▶ [Recorded data]
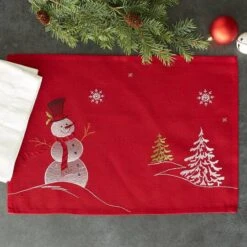 DII® Embroidered Snowman Placemats, 4ct. 19 DII® Embroidered Snowman Placemats, 4ct. -Northlight Shop D540026S 8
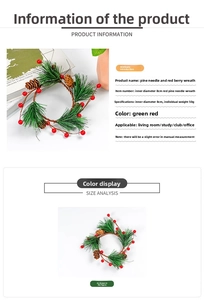 Detail of pine needle wreath with red berries, pine cones and 8cm inner diameter info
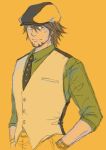  1boy cabbie_hat eizan_(yoidesyou) facial_hair goatee hand_in_pocket hat kaburagi_t_kotetsu looking_at_viewer male_focus orange_background smile solo tiger_&amp;_bunny vest 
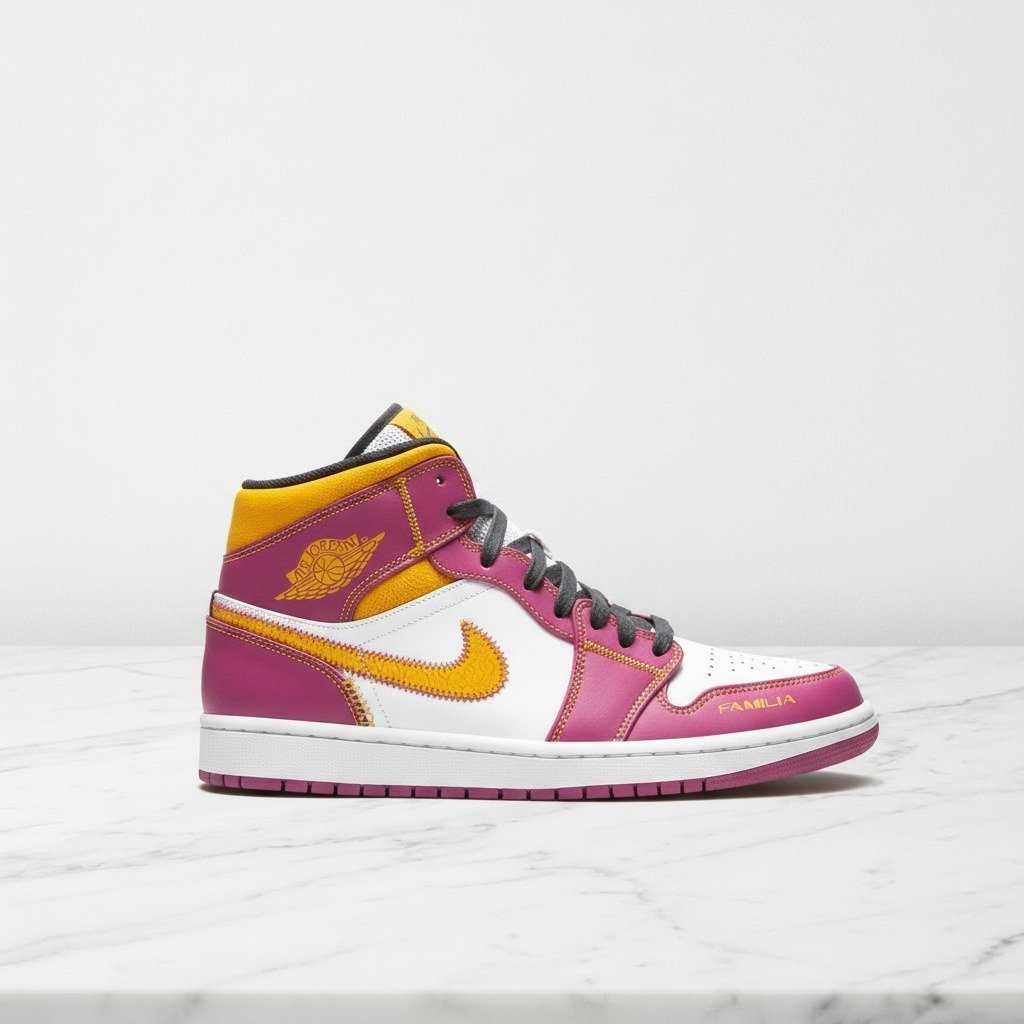Buty Air Jordan 1 Mid Dia de los Muertos, wygodne sneakersy unisex na co dzień, haft Familia DC0350-100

▶ [Exercise details]
Find the line holding "Detail of pine" in the data above. Retype it and every later line exactly, through the end, but not the pictures.

▶ [Exercise result]
 Detail of pine needle wreath with red berries, pine cones and 8cm inner diameter info
  1boy cabbie_hat eizan_(yoidesyou) facial_hair goatee hand_in_pocket hat kaburagi_t_kotetsu looking_at_viewer male_focus orange_background smile solo tiger_&amp;_bunny vest 
Buty Air Jordan 1 Mid Dia de los Muertos, wygodne sneakersy unisex na co dzień, haft Familia DC0350-100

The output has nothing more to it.